• Data cleansing is a stage where data are selected and processed to create training data before labeling. The attributes of raw data cannot be identified clearly if a user uses cleansed data only. Therefore, explaining information related to cleansing and the attributes before and after cleansing will enhance the understanding on raw and cleansed data and contribute to developing a more trustworthy AI model.
• Check if an open dataset provides information that can identify the attributes of raw data. Identify the attributes of raw data by referring to the information provided with the dataset and document materials that describe the data attributes before and after cleansing in case additional data needs to be collected in the future.
• If a company has collected raw data by itself, prepare related documents and provide information on the purpose of data collection, data to be collected, data collection environment, and subject based on the institution’s purpose of use to assist in understanding raw data. The following are examples of explanations about raw data attributes before cleansing:
✓ The purpose of data collection: Use of civil petitions for policies through Korean conversation modeling;
✓ Subject: Individuals and relationships, healthcare and beauty, eating habits, residence and lifestyles, work, current affairs, economics, education, childbirth and parenting, leisure, shopping, events, etc.;
✓ Data to be collected: Nationality, gender, age group, area of residence, etc.; and
✓ Data collection environment: Collection method/date/time, number of participants, etc.
• Identify and remove any unnecessary information and personal data from the raw data to build training datasets using the collected raw data.
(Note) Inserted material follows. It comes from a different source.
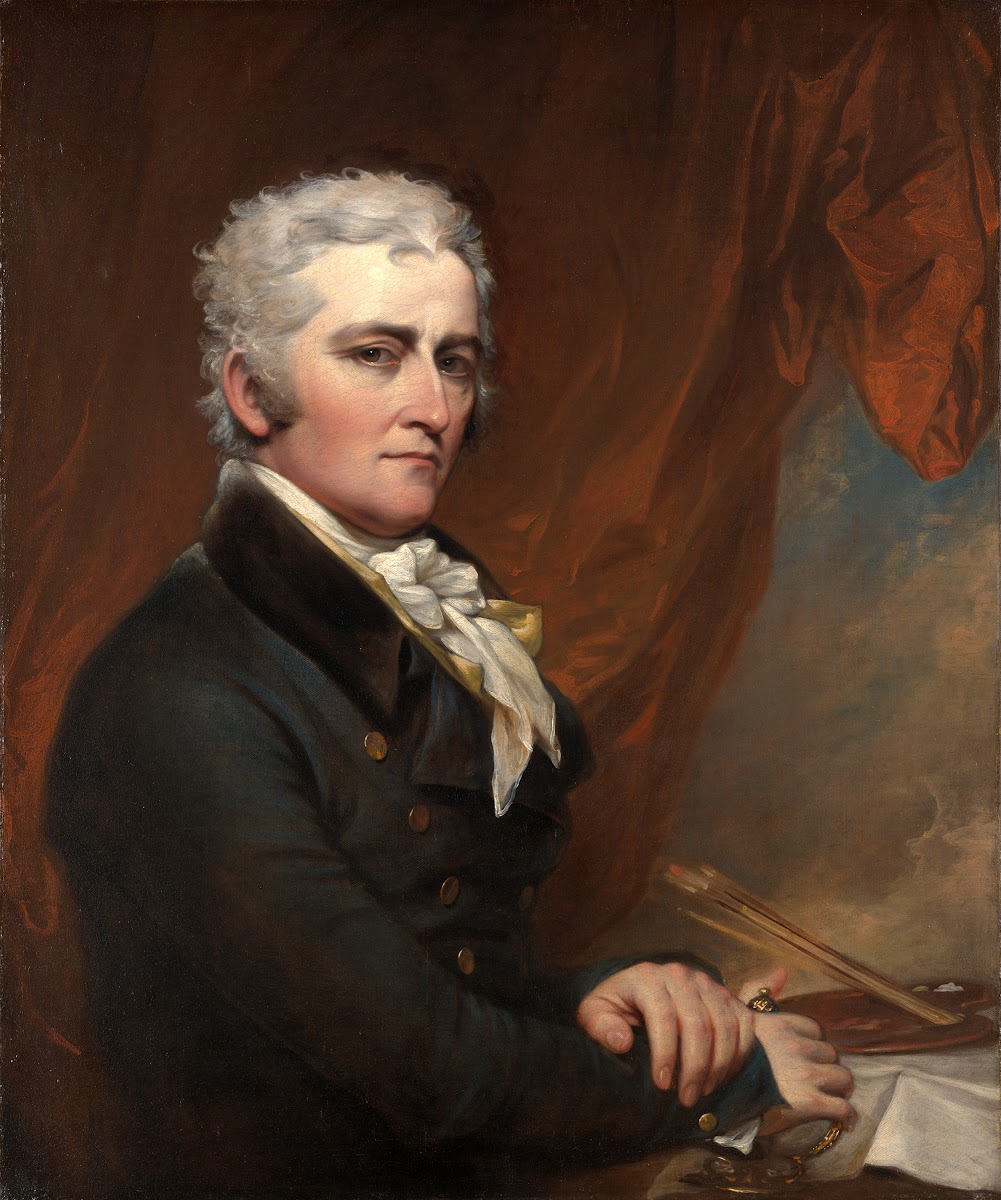 Self Portrait ca1802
The following are examples of explanations about raw data attributes after cleansing:
✓ Selection and exclusion of data: Exclude inappropriate, factitious, and unnecessary information (e.g. emojis, emotions);
✓ Data processing: Explain about processing the data provided by public institutions, de-identifying personal data, processing emojis, etc.;
✓ Statistical explanation: Includes the number of data per subject and the number of data per the collected data; and
✓ Cleansed information: Includes update and cleansing cycles and rollback information.